• Goal of the exercise:
Go through the listing below and write out exactly the lines from the one that mentions "Auspicious Pattern Design Men's Bracelet" through the one that mentions "Jake*s Collection Straight", minus the pictures.

• Data listing:
- - - - -

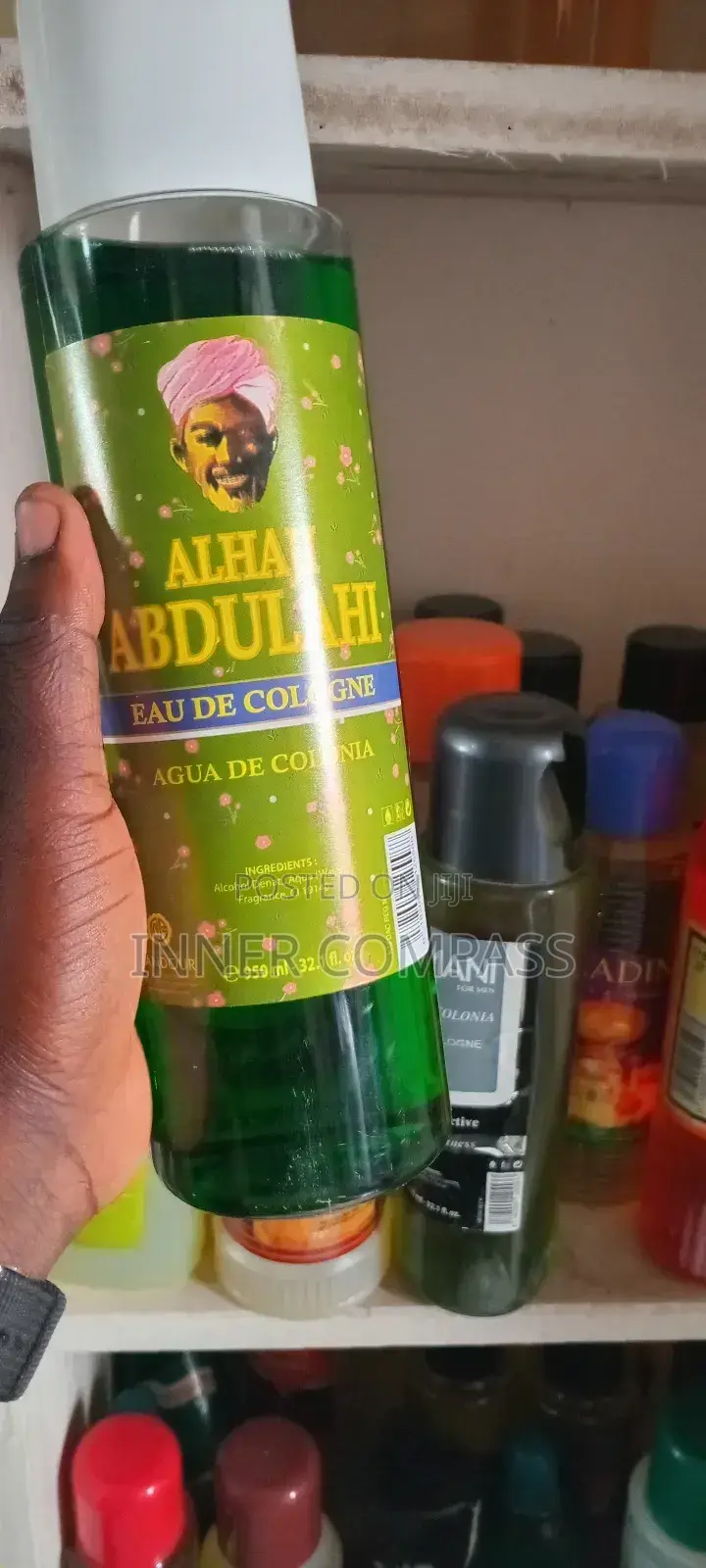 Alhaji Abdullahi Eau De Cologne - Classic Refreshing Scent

- - - - -

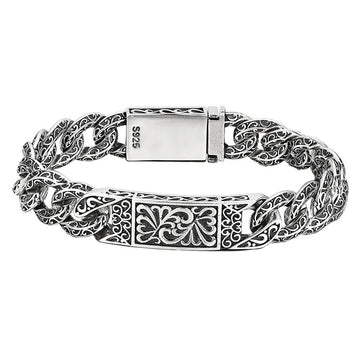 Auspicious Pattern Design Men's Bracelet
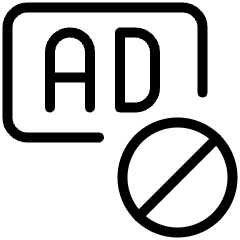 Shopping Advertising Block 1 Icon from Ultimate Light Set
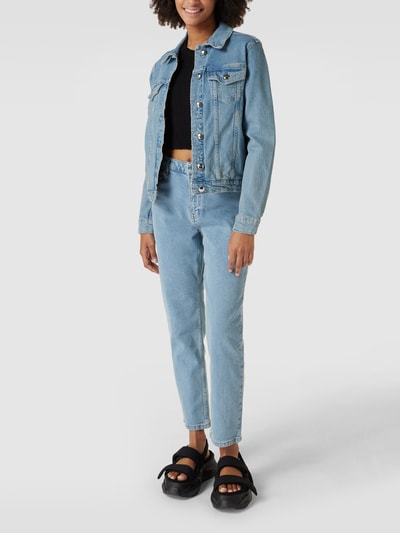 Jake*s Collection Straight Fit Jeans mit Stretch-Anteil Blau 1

- - - - -

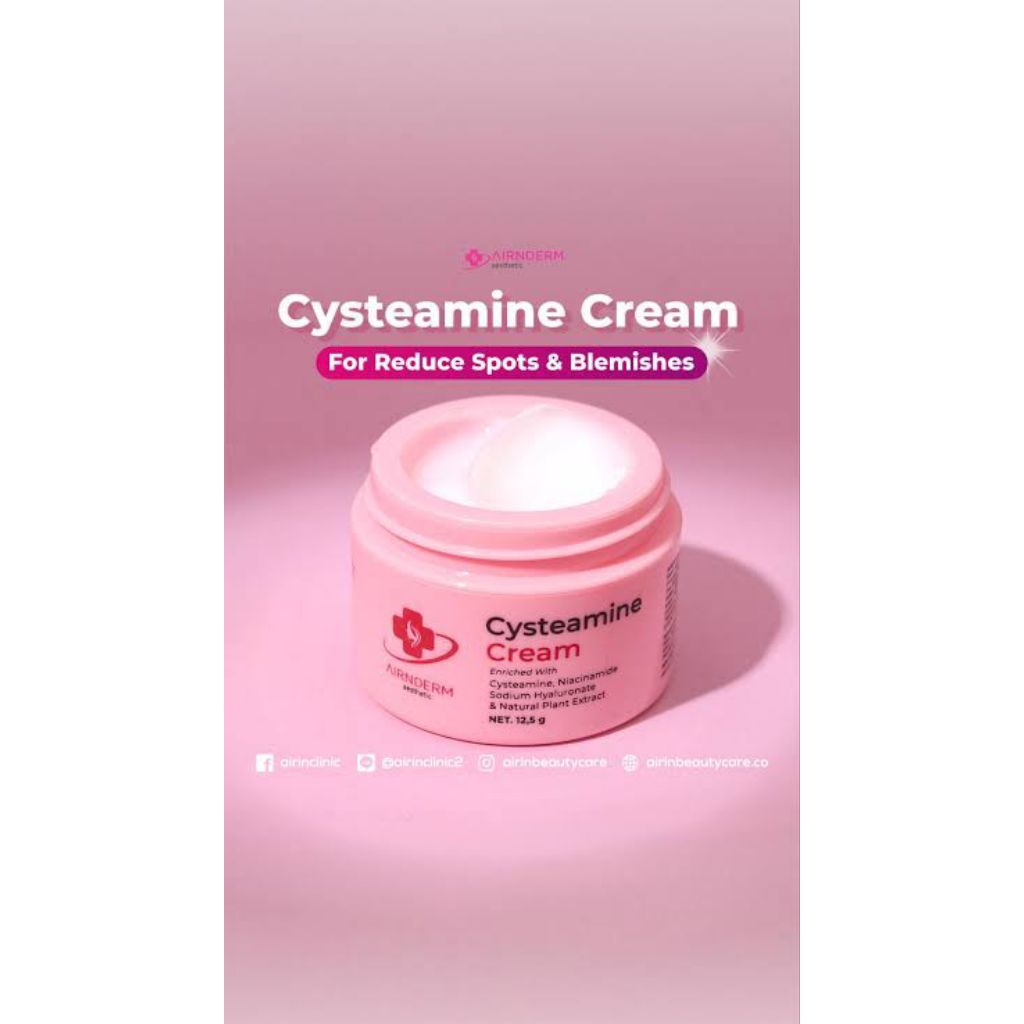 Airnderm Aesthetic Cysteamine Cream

- - - - -

• Task answer:
 Auspicious Pattern Design Men's Bracelet
 Shopping Advertising Block 1 Icon from Ultimate Light Set
 Jake*s Collection Straight Fit Jeans mit Stretch-Anteil Blau 1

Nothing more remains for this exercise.